ACTIVITY: The result should be an exact copy of only the lines from the one holding "Thumbnail 2 - #9" through the last line of the data below, please, without pictures.

───── COLLECTED MATERIAL ─────

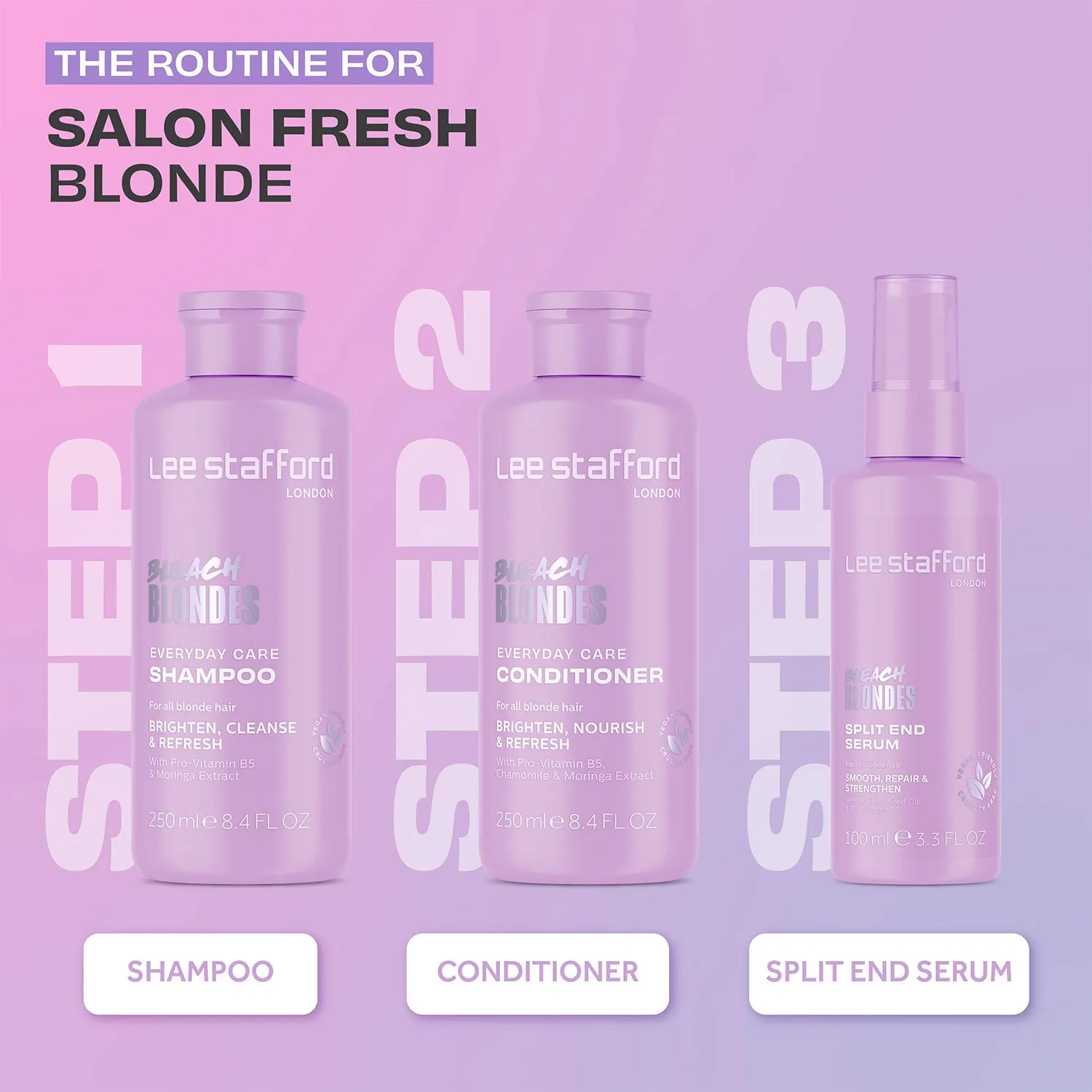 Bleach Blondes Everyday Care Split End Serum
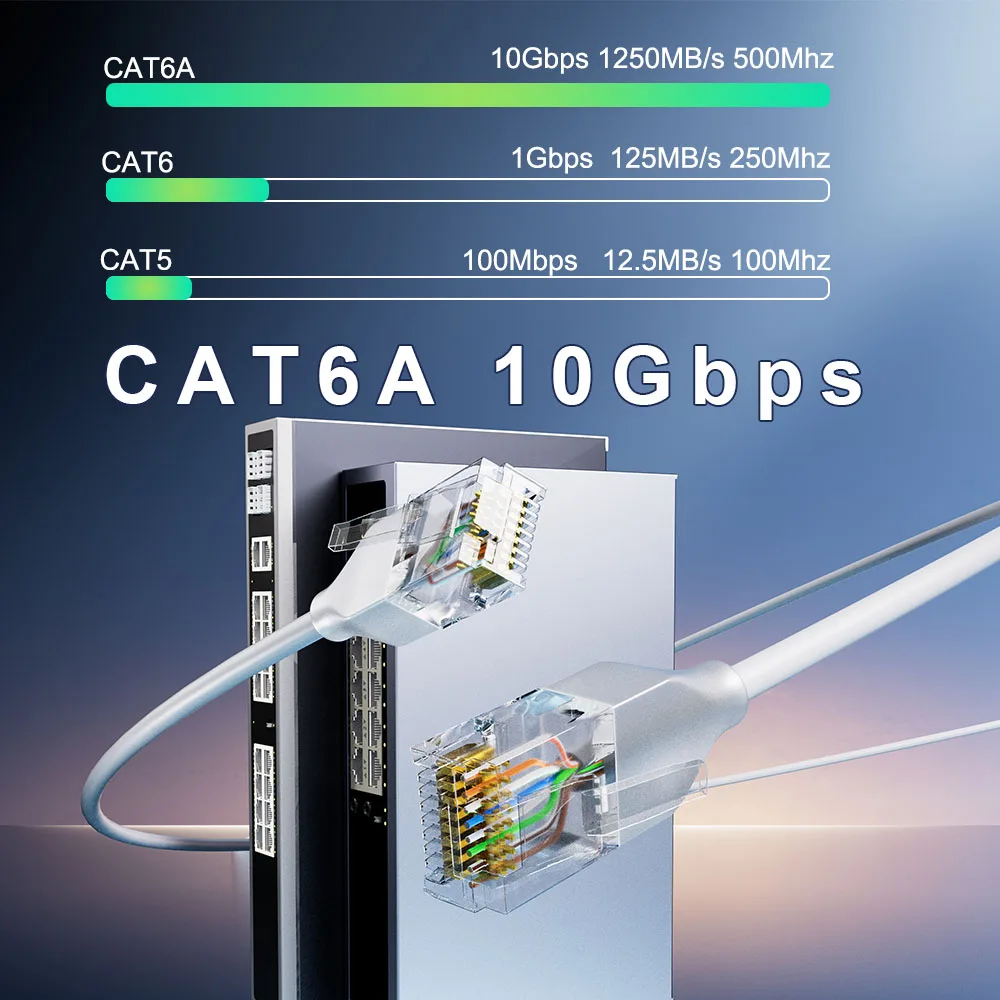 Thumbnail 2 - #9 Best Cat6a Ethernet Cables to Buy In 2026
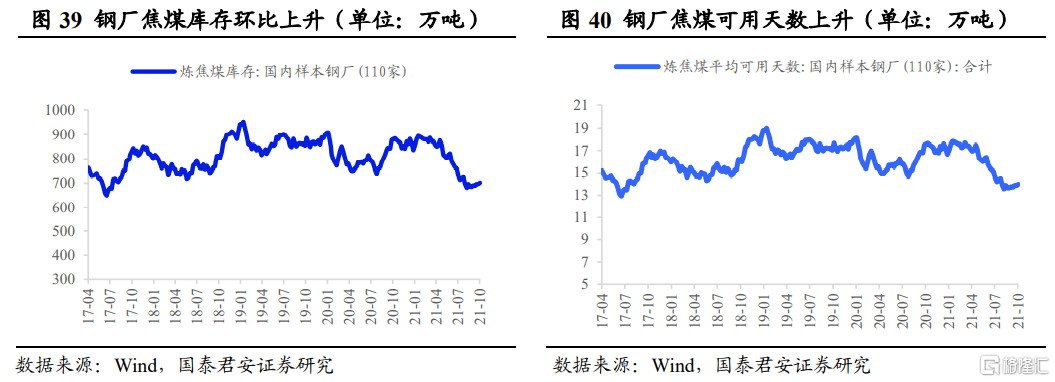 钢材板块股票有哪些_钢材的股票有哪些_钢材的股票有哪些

─────

EXERCISE ANSWER:
 Thumbnail 2 - #9 Best Cat6a Ethernet Cables to Buy In 2026
 钢材板块股票有哪些_钢材的股票有哪些_钢材的股票有哪些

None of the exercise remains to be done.